[What you will do] In the entries that follow, the lines from the line containing "Top 20 College" up to and including the line containing "1232 Napier Crescent, Oakville, Ontario" must be copied exactly, with pictures omitted.

-- Data supplied follows --

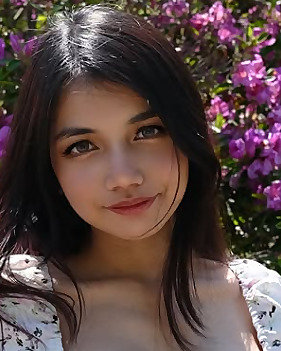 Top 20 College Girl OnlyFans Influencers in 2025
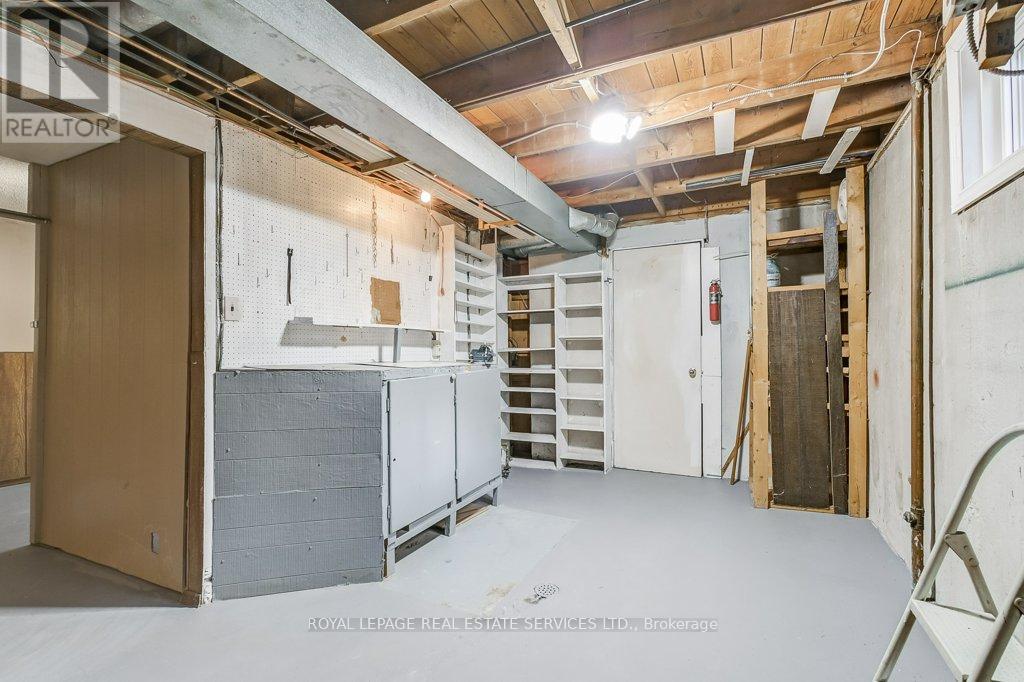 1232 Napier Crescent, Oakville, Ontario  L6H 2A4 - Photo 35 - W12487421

-- Data supplied concluded --
-- Data supplied follows --

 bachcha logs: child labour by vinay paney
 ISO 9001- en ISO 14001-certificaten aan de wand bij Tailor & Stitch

-- Data supplied concluded --

[Result of this exercise]
 Top 20 College Girl OnlyFans Influencers in 2025
 1232 Napier Crescent, Oakville, Ontario  L6H 2A4 - Photo 35 - W12487421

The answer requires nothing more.